Rather, the emphasized part is the key feature of James' view on political life that moderates -- be they Girondists in Paris or Toussaint in San Domingo -- fail to grasp. And the reason why on James' view the moderates fail to grasp this, is that they are (i) too interested in generating the (economic) fruits of post-revolutionary peace and (ii) mistakenly assume all others are similarly motivated; the moderates, thus, do not grasp (iii) that those that have benefitted from tasting being on top of the hierarchy cannot be bought off easily with the (expansive) fruits of peace. Toussaint's "desire to avoid destruction" was motivated by his interest in keeping financial and human capital on the island so that prosperity could be maintained (even if shared more widely).

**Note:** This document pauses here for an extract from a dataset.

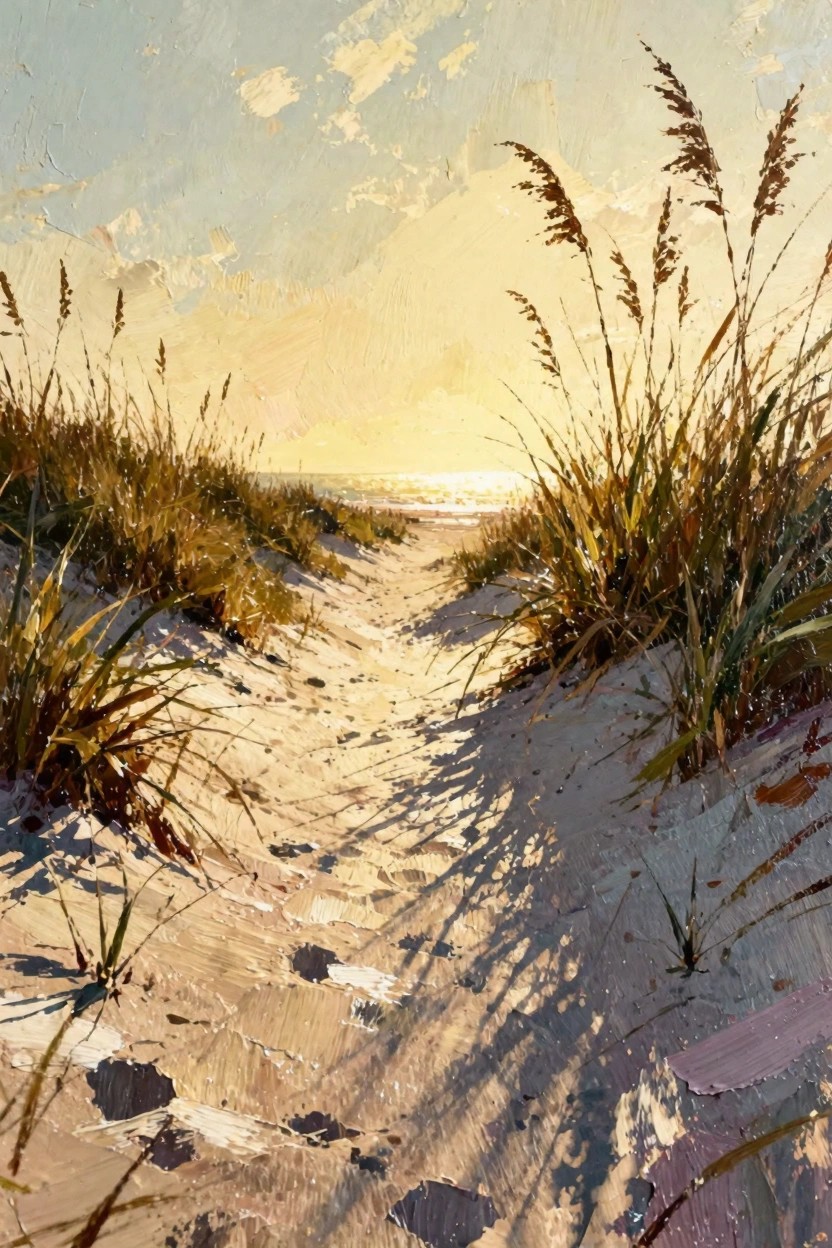 Oil painting of a sandy path through golden sea oats dunes toward a sunlit beach at sunset with textured shadows.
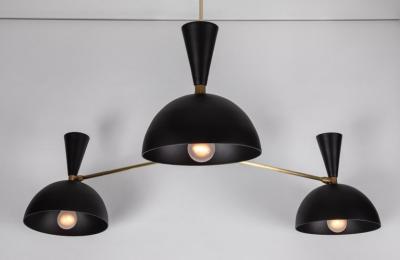 Alvaro Benitez Large Three Cone Lola II Chandelier in Black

It is an interesting question to what degree (ii-iii) really fit James' Marxist scheme of history. In addition, not all extreme social hierarchies are undone by revolution. One can think of instances of relatively peaceful regime transitions (South Africa, Chile, etc.) that may vindicate the moderate's belief that violent revolution is not always inevitable. I do not wish here to dispute James' believe that at some moment the moderate must choose sites and, perhaps inevitably, will choose wrongly. Rather, what James can teach the moderate, or at least has taught this skeptical liberal, perhaps unwittingly, is the recognition of the significance of the fear of status loss in possible transitions. To what degree such fear can be bought off financially or accommodated with a new kind of status, I leave to another occasion.